This is first refining the data that we need in order to get meta table RelevantRides

Then it performs calculations in the meta table to output the real table

Joins

Joining is just taking data from two differnt tables, which have some reference to each other.

You start by defining the two tables that you want to pull data from

SELECT a.id, a.body, a.owner_user_id
FROM `bigquery-public-data.stackoverflow.posts_questions` AS q
INNER JOIN `bigquery-public-data.stackoverflow.posts_answers` AS a
ON q.id = a.parent_id
WHERE q.tags LIKE '%bigquery%'

The INNER JOIN of the two data sets is the important part

We rename them as something and then select the pieces of data that we need.

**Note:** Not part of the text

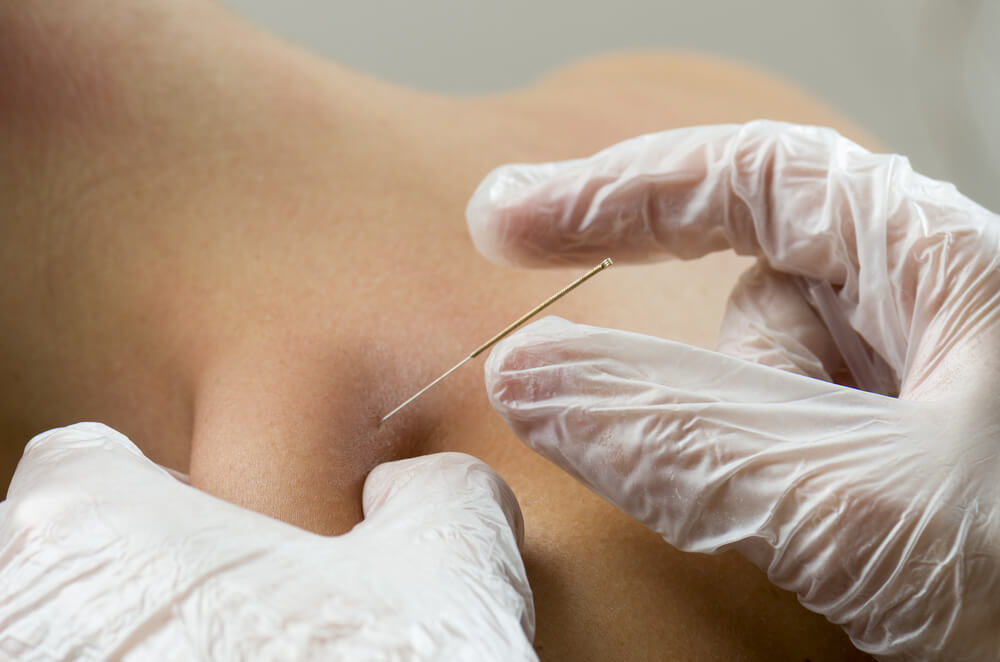 Visit a physical therapist in Grand Rapids, MI, for dry needling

ON is just telling SQL where to make the Join

LIKE is a tool to be able to search for the exact word, or words containing letters

Here is another example of how this could work

WITH experts AS
               (
               SELECT a.id, a.body, a.owner_user_id
               FROM `bigquery-public-data.stackoverflow.posts_questions` AS q
               INNER JOIN `bigquery-public-data.stackoverflow.posts_answers` AS a
               ON q.id = a.parent_id
               WHERE q.tags LIKE '%bigquery%'
                    )
  SELECT COUNT(1) AS number_of_answers, owner_user_id AS user_id
  FROM experts
  GROUP BY user_id
  ORDER By number_of_answers DESC

Above we are doing much the same, joing the data that we want but we are placing it in to a meta layer with the WITH statement

Then we do some more transforations on it

IF we wanted to get a python script to get the data, then our full operational function would look something like this

def expert_finder(topic, client):
    '''
    Returns a DataFrame with the user IDs who have written Stack Overflow answers on a topic.

    Inputs:
        topic: A string with the topic of interest
        client: A Client object that specifies the connection to the Stack Overflow dataset

    Outputs:
        results: A DataFrame with columns for user_id and number_of_answers. Follows similar logic to bigquery_experts_results shown above.
    '''
    my_query = """
               SELECT a.owner_user_id AS user_id, COUNT(1) AS number_of_answers
               FROM `bigquery-public-data.stackoverflow.posts_questions` AS q
               INNER JOIN `bigquery-public-data.stackoverflow.posts_answers` AS a
                   ON q.id = a.parent_Id
               WHERE q.tags like '%{topic}%'
               GROUP BY a.owner_user_id
               """

    # Set up the query (a real service would have good error handling for 
    # queries that scan too much data)
    safe_config = bigquery.QueryJobConfig(maximum_bytes_billed=10**10)      
    my_query_job = client.query(my_query, job_config=safe_config)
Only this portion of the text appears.